In 2013, the Consumer Electronics Association (CEA) initiated a Working Group to develop industry-based recommended practices for portable electronic devices used by drivers in vehicles (formally named R6 WG18 Driver-Device Interface Working Group). The voluntary recommended practices are intended to address the issue of driver distraction related to the use of portable electronic devices. The recommendations are intended to be used by consumers, portable electronic device manufacturers, software developers, and any other interested parties to improve the safety of driving and non-driving-related task performance. NHTSA was invited to participate in this activity and has sent liaisons to the working group meetings since its inception. To aid this process, NHTSA has provided explanations and the rationales for aspects of NHTSA's Visual-Manual Driver Distraction Guidelines, as well as participated in discussions regarding applying those basic principles to the complex multi-part ecosystem of portable electronic devices. The working group has stated that it will use the principles that NHTSA established with its Phase 1 Guidelines to guide its work.
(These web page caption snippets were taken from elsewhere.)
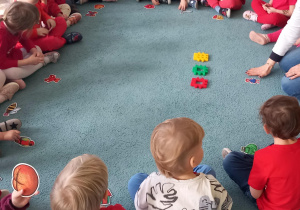 Dzieci siedzą w kole i wspólnie z panią wykonują zadanie
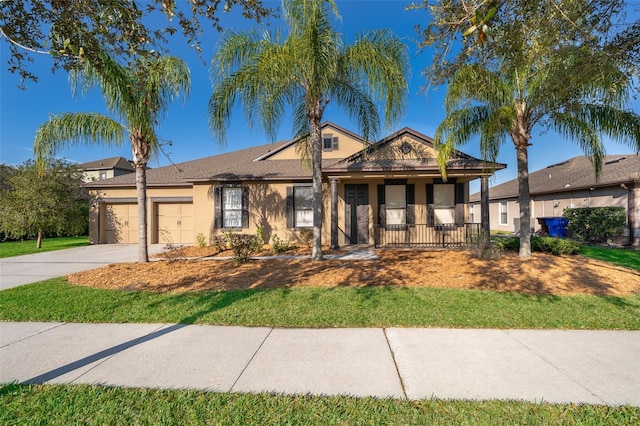 single story home with concrete driveway, an attached garage, and stucco siding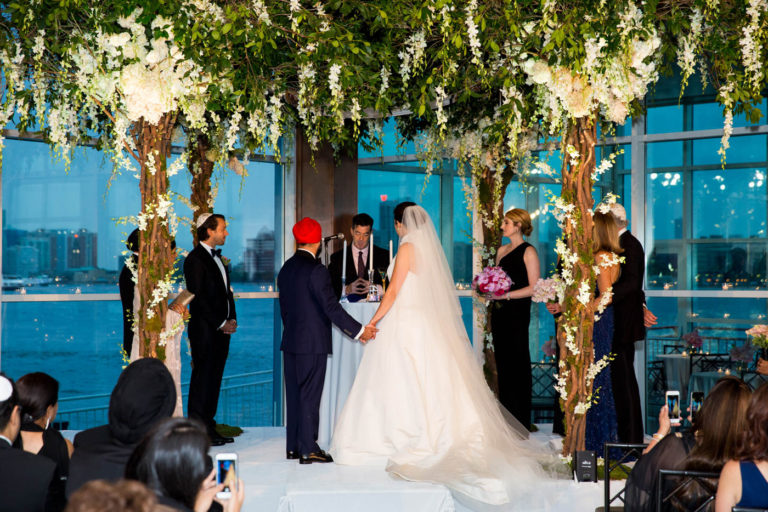 Officiant performing wedding ceremony under white flowers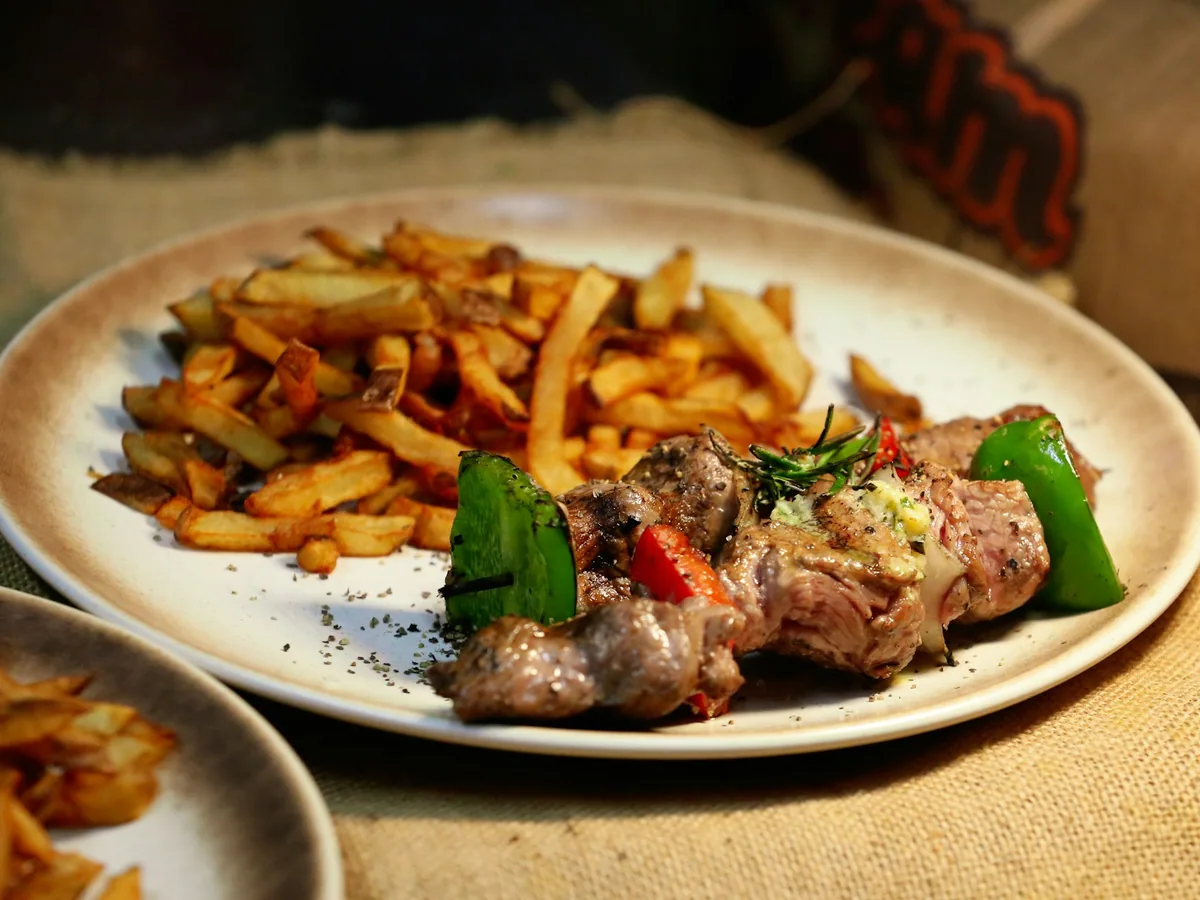 Lomo saltado with fried potatoes and peppers on a plate
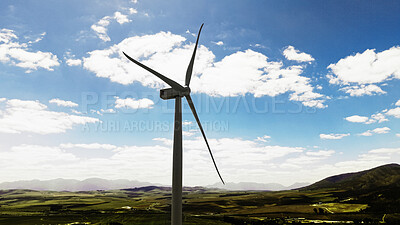 Buy stock photo Blue sky, nature and windmill outdoor by grass for renewable energy, sustainable or eco friendly. Field, clouds and wind turbine for natural resource with economic development in countryside.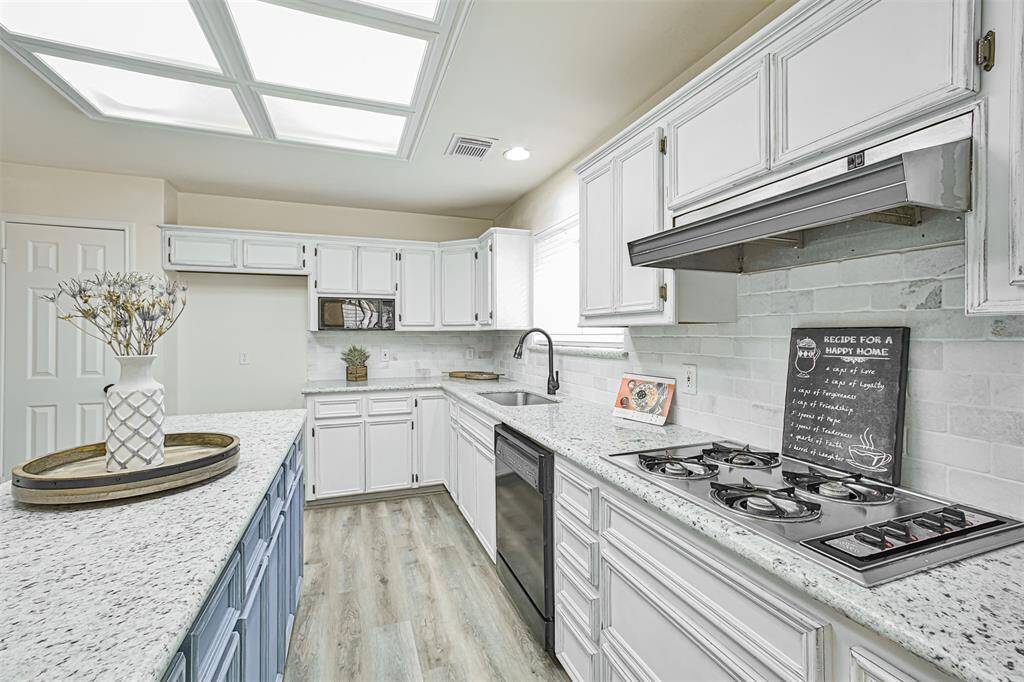 White granite, white backsplash, huge ceiling light panels, and a sink window make this kitchen the brightest spot in the house.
Driver Distraction Guidelines

The NHTSA Driver Distraction Guidelines are meant to promote safety by discouraging the introduction of excessively distracting devices in vehicles. On April 26, 2013, NHTSA issued the first phase of these guidelines.[1] The Phase 1 Guidelines cover original equipment (OE) in-vehicle (i.e., integrated) electronic devices that are operated by the driver through visual-manual means (i.e., the driver looks at a device, manipulates a device-related control with his or her hand, and/or watches for visual feedback from the device). The Phase 2 Guidelines will apply to portable and aftermarket devices that are operated through visual-manual means and will be based on the same general principles as the Phase 1 Guidelines, namely:

  • The driver's eyes should usually be looking at the road ahead,
  • The driver should be able to keep at least one hand on the steering wheel,
  • Any task performed by a driver should be interruptible at any time,
  • The driver should control the human-machine interface and not vice versa, and
  • Displays should be easy for the driver to see.

Public Meeting

To support NHTSA's development of the Phase 2 Distraction Guidelines, NHTSA is hosting a public meeting to bring together vehicle manufacturers and suppliers, portable and aftermarket device manufacturers, portable and aftermarket device operating system providers, cellular service providers, industry associations, “app” developers, researchers, and consumer groups to discuss technical issues regarding the agency's development of Phase 2 Driver Distraction Guidelines for portable and aftermarket devices. NHTSA will present an overview of the Phase 1 Driver Distraction Guidelines as background for its presentation on the key technical issues in Phase 2. Industry associations will have the opportunity to present their own efforts to produce guidelines or recommended practices for portable and aftermarket devices that could be used by drivers inside the vehicle. The meeting will also include three panels of invited experts addressing the following technical topics: (1) vehicle and portable/aftermarket device pairing, (2) driver mode, and (3) advanced technologies such as heads-up displays and those that automatically distinguish between devices used by drivers and passengers.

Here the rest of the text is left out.